Namun, dengan strategi tak bayar langsung, Pepe tetap berlabuh di Arsenal. Dana yang dikeluarkan The Gunners untuk mendatangkan Pepe mencapai 72 juta poundsterling. Angka itu membuat Pepe menjadi pemain termahal Arsenal sepanjang sejarah.

Pada musim pertamanya, Pepe bisa membuat delapan gol dan 10 assist untuk Arsenal di semua kompetisi. Pepe juga membawa Arsenal menyabet gelar FA Cup di akhir musim. Sekilas, catatan ini memang tidak buruk. Namun, mari kita lihat impak Pepe terhadap permainan.

Pada musim terakhirnya di Lille, Pepe bermain selama 3.332 menit di Ligue 1. Dari total menit tampil tersebut, ia mencetak 22 gol dan 11 assist. Namun, yang tak kasatmata adalah torehan peluang yang ia kreasikan. Per catatan WhoScored, Pepe mengkreasikan 1,8 kans per laga dan --ini yang menunjukkan betapa agresifnya dia di Lille-- melepaskan 3,1 tembakan per laga.

Impak tersebut menurun ketika ia bersalin ke kostum Arsenal. Menit bermainnya yang “cuma” 2.016 di Premier League, tapi boleh jadi itu karena impaknya terhadap permainan juga tidak spesial. Sepanjang musim, Pepe “hanya” menghasilkan 1,3 umpan kunci per laga dan melepaskan 1,6 tembakan per laga.

Hasilnya pun terlihat pada catatan statistik yang lebih kasatmata: Pepe hanya bikin 5 gol dari 31 laga bersama Arsenal di Premier League.

Pada musim keduanya, Pepe jarang mendapatkan menit bermain khususnya di Premier League. Sejauh ini, pemain berkaki kidal itu baru mengemas 278 menit bermain. Pepe juga baru membuat satu gol.

Sial bagi Pepe, kesempatan menjadi starter ia buang sia-sia. Melawan Leeds United, Minggu (22/11/2020) malam WIB, Pepe yang tampil sejak menit pertama malah membuat tindakan bodoh berujung kartu merah. Padahal, itu kali kedua Pepe jadi starter di Premier League musim ini.

Sepanjang laga Pepe memang mendapat pengawalan ketat dari full back Leeds, Ezgjan Alioski. Tak jarang kedua pemain kedapatan saling tarik-menarik baju dalam perebutan bola.

Puncaknya terjadi pada menit ke-51. Emosi Pepe tersulut membuatnya menanduk wajah Alioski. Usai meninjau VAR, wasit lalu memberikan kartu merah kepada Pepe. Manajer The Gunners, Mikel Arteta, berang dengan sikap dari Pepe.

"Ini tidak bisa diterima.
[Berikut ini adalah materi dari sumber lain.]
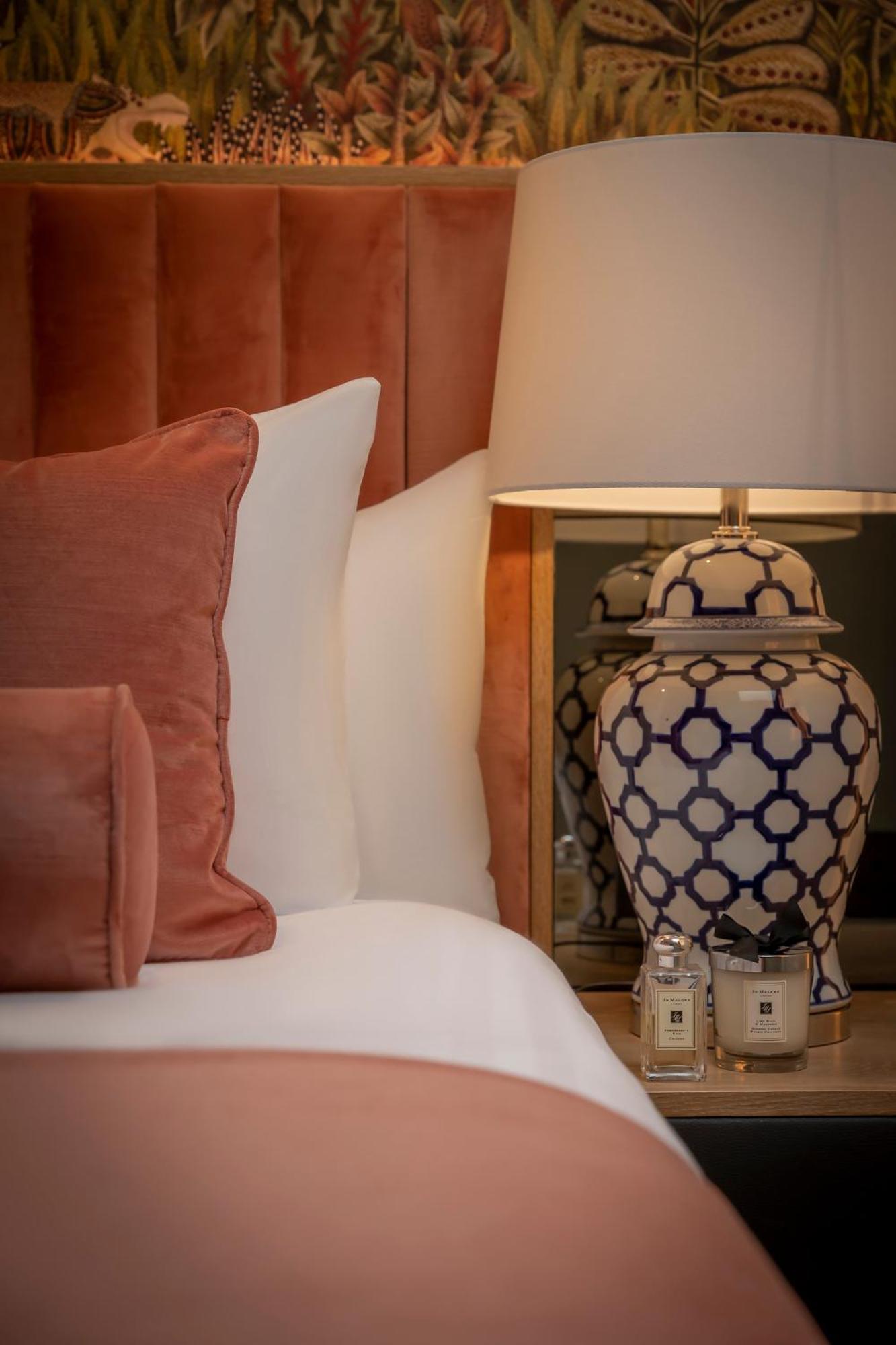 Double Room Single Occupancy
Saya sudah bicara ke dia dan bilang bahwa hal semacam itu tak bisa diterima. Saya menyukai sikap tim. Ketika Pepe mengecewakan tim, mereka kesulitan dan melakukan yang terbaik sebisanya," kata Arteta dalam wawancara dengan Sky Sports.

The Athletic menyebut, Pepe menghancurkan kepercayaan Arsenal yang dari sananya sudah rapuh duluan. Mereka juga tidak mengherankan pernyataan Arteta. Sebagai pelatih yang terlihat kalem di luar, nyatanya pria asal Spanyol itu terbilang blak-blakan ketika berbicara.
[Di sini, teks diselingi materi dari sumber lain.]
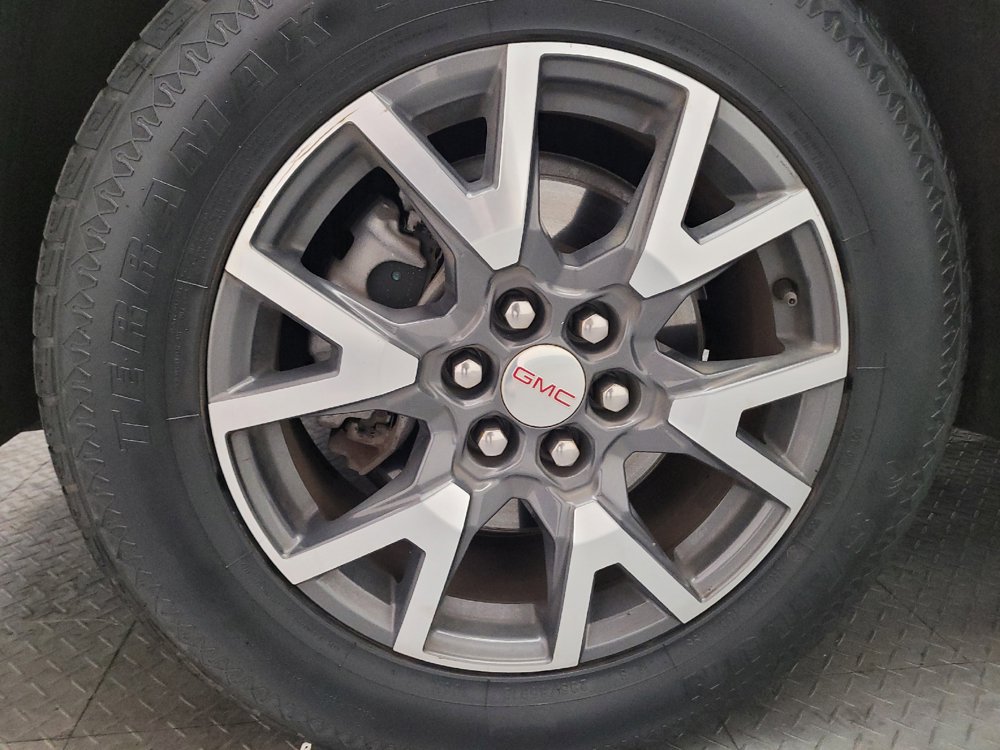 Used 2023 GMC Acadia SLE FWD image 31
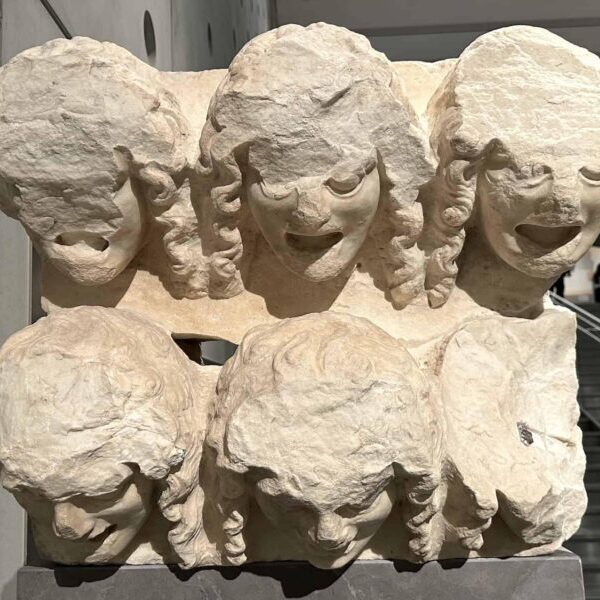 ΘΕΑΤΡΙΚΑ  ΠΡΟΣΩΠΕΙΑ …. Aπο την Μιράντα Σκηνίτη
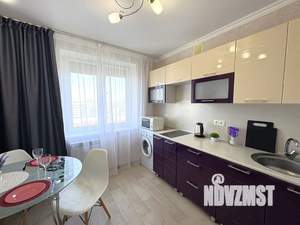 1-к квартира, посуточно, 34м2, 10/10 этаж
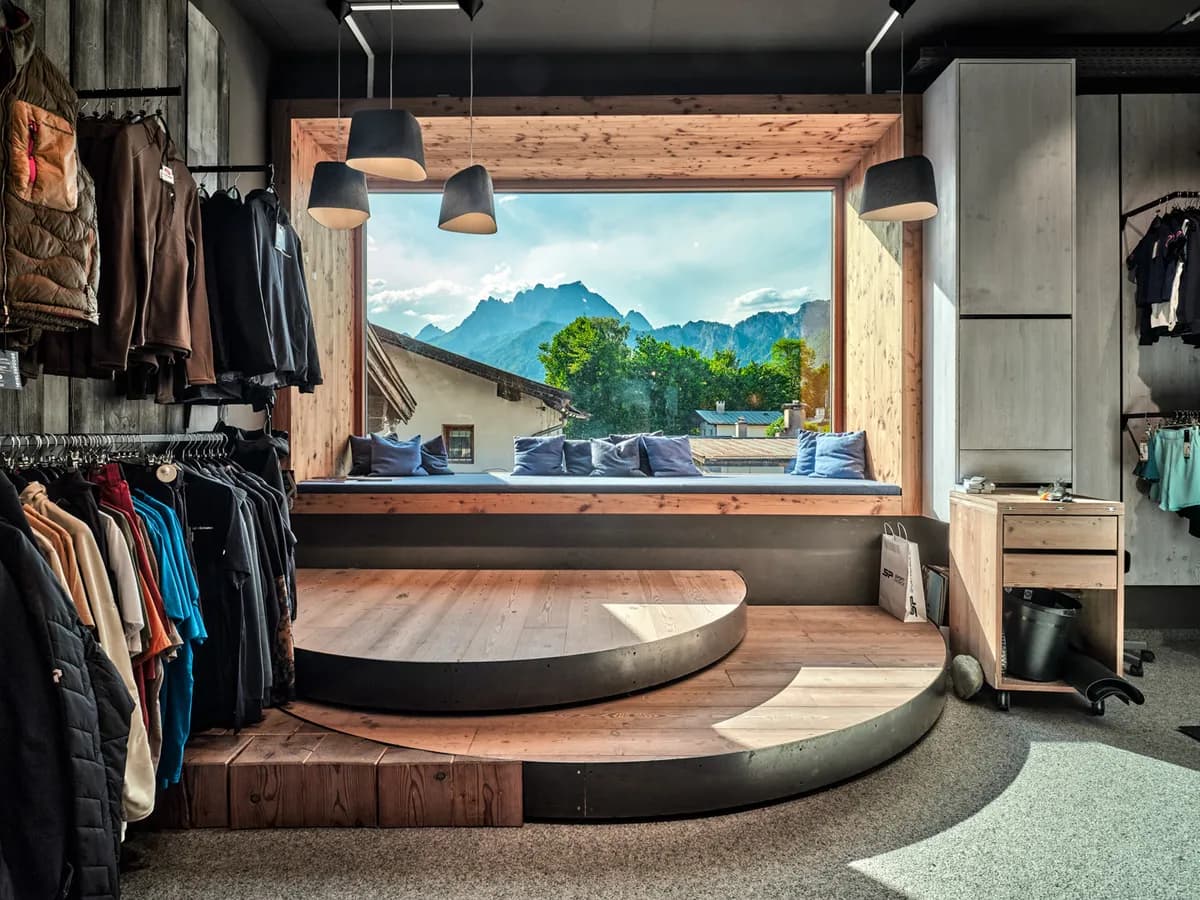 Haus kaufen in Kitzbühel – 104 m², € 2.890.000 – Bild 1 von 5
Opini Freddie Ljungberg, eks gelandang Arsenal yang sempat menjadi caretaker tim, juga mendukung kekecewaan Arteta dan suporter. Menurut Ljungberg, laga melawan Leeds seharusnya menjadi kesempatan Pepe untuk unjuk gigi. Kebiasaan Pelatih Leeds, Marcelo Bielsa, menerapkan man-to-man marking semestinya menguntungkan Pepe yang amat doyan melakukan dribel.

Minimnya impak Pepe terhadap permainan Arsenal hingga keputusan Arteta memainkannya pada laga melawan Leeds sesungguhnya berkaitan. Untuk mencari jawaban dari situasi yang disebut belakangan, kita bisa mengacu kepada opini Ljungberg. Untuk yang pertama, kita bisa melihat kebiasaan dan gaya bermain Arsenal di bawah arahan Arteta.
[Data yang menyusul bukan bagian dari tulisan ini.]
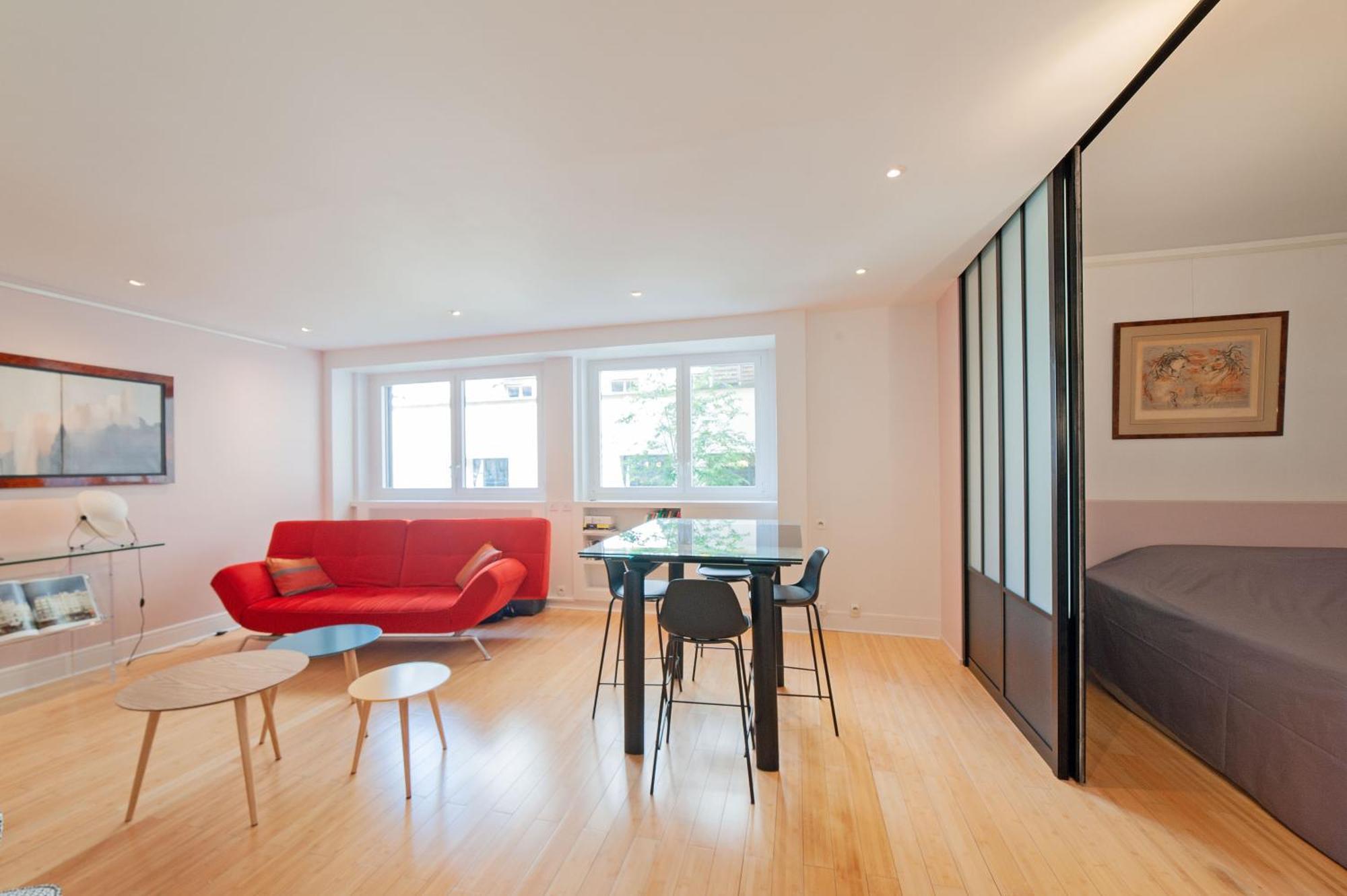 Large Pleasant Alcove In Center Apartment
Arteta memang masih melanjutkan tradisi Arsenal untuk bermain mengandalkan penguasaan bola. Namun, perlu diingat bagaimana Arteta menggunakan penguasaan bola itu. Alih-alih menjadikan Arsenal sebagai tim yang melakukan build-up dengan lambat dan penuh kesabaran, Arteta justru menjadikan timnya melakukan progresi serangan dengan cepat.

Pepe, sebagai pemain yang senang melakukan dribel dan menguasai bola lama-lama, mau tidak mau mesti beradaptasi. Selain kudu berhadapan aspek adu fisik yang masih kerap hadir di Premier League, ia juga mesti menyesuaikan diri dengan gaya permainan Arteta yang direct.

Meski sama-sama bermain direct, di Lille Pepe mendapatkan kesempatan untuk membawa bola sebanyak-banyaknya. Di Arsenal, ia tidak mendapatkan kemewahan serupa. Arteta lebih suka progresi serangan bertumpu pada aliran bola cepat dan pergerakan tanpa bola untuk mengeksploitasi ruang kosong yang di area lawan.

Sebagai perbandingan, di Premier League musim lalu Pepe cuma mencatat 72 take-ons completed (dribel melewati lawan) di Premier League. Berbeda di Ligue 1 saat Pepe bisa membuat 102 take-ons completed.

Ironisnya, setelah Pepe terkena kartu merah, Arsenal justru bermain dengan gaya bermain yang amat mungkin lebih menguntungkan Pepe. Karena kalah jumlah, The Gunners memilih untuk lebih disiplin menjaga shape dan bertahan dengan compact. Ini membuat mereka bertahan lebih dalam sembari menunggu kemungkinan untuk melancarkan serangan balik.

Wajar kalau kemudian Arteta lebih senang memainkan Willian Borges yang lebih kreatif (atau setidaknya tidak one-dimensional) dan punya kemampuan passing mumpuni. Wajar pula kalau Pepe terpinggirkan musim ini.

***

Pepe sempat mengeluh. Kepada Canal+, pria kelahiran 29 Mei 1995 itu mengungkapkan betapa bikin frustrasinya cuma bisa melihat kawan-kawan setimnya bermain dari bench.

“Tujuan saya adalah untuk mendapatkan kesempatan bermain lebih banyak. Memiliki menit bermain yang amat sedikit itu… pokoknya, pemain mana pun pasti frustrasi ketika cuma bisa duduk di bench,” ujarnya.

Namun, rasa-rasanya Pepe juga layak mendengarkan opini dari Ljungberg. “Dia menahan perkembangan dirinya dengan kelakuannya sendiri.”